Crostini alla Chiantigiana Tuscany, Umbria
Preparation - Medium
Prep: 10 min, Cook 60 min
Probably the most popular spread for crostini. Served everywhere in Tuscany with slight variations.
Our ciabatta bread works well for bruschetta or crostini.
1/2 celery stalk, finely chopped
1 small carrot, finely chopped
1 small onion, finely chopped
1/2 lb chicken livers, cleaned, in small pieces
4 T olive oil
2 T butter
1/2 T tomato paste dissolved in 4 T warm water
3 T dry white wine, or marsala wine
1 T capers, rinsed off
1 garlic clove, peeled and finely chopped
2 anchovy fillets, chopped
Salt and freshly ground pepper to taste
bread, either firm white slice bread, or a baguette (long French bread) sliced into rounds
CLEAN chicken livers and cut into small pieces.
SAUTÉ the celery, carrot and onion in the oil and half the butter over medium heat stirring frequently until onion is transparent, about 8 to 10 minutes.
ADD the livers and continue cooking till liver turns color.
ADD the wine and cook over high heat till evaporated.
ADD dissolved tomato paste, cover, cook on low heat for 15 minutes.
REMOVE from heat and let cool, mix in pepper, minced garlic, rest of butter, capers, chopped anchovy.

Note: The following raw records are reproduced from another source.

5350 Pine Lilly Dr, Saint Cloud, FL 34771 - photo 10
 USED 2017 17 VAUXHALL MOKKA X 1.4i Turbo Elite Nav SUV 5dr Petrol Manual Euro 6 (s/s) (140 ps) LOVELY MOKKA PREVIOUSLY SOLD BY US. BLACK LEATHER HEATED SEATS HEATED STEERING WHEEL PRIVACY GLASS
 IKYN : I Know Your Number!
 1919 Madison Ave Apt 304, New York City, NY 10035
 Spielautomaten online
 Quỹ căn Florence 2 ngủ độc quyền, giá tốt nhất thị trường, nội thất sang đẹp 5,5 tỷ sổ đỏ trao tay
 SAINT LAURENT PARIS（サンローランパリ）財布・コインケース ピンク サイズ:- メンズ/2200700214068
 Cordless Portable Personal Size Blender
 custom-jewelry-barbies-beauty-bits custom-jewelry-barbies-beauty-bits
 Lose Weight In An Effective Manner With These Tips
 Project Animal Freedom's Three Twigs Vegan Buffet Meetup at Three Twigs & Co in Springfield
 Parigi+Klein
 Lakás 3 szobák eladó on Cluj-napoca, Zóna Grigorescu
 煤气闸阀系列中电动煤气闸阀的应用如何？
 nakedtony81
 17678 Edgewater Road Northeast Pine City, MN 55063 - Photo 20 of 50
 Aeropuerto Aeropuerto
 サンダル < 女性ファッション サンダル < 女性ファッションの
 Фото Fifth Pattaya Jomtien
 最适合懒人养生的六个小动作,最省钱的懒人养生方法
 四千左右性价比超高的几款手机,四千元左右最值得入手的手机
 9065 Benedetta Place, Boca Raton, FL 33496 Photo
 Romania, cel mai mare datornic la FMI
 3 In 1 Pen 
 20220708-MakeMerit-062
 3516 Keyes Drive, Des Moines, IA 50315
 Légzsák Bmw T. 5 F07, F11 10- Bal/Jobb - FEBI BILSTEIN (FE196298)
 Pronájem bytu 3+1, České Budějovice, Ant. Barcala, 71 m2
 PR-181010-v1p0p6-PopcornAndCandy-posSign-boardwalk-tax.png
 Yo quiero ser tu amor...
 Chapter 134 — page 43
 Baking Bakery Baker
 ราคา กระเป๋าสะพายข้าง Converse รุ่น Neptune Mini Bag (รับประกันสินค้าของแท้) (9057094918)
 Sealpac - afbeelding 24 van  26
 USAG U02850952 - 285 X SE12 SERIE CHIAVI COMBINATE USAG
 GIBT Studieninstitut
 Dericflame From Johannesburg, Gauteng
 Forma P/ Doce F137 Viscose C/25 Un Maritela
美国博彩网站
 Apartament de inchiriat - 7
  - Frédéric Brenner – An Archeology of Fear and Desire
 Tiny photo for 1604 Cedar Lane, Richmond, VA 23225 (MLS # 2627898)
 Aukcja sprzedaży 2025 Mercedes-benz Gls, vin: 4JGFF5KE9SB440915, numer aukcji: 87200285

CHOP or PLACE all ingredients in a food processor and pulse 2 or 3 times, check for seasoning, adding salt and pepper to taste, return to pan for additional 2 - 3 minutes to reduce the pate to the consistency you wish.
CAN be prepared ahead of time and refrigerated up to a day or two
SERVE warm or cool on toasted rounds of French or Italian bread.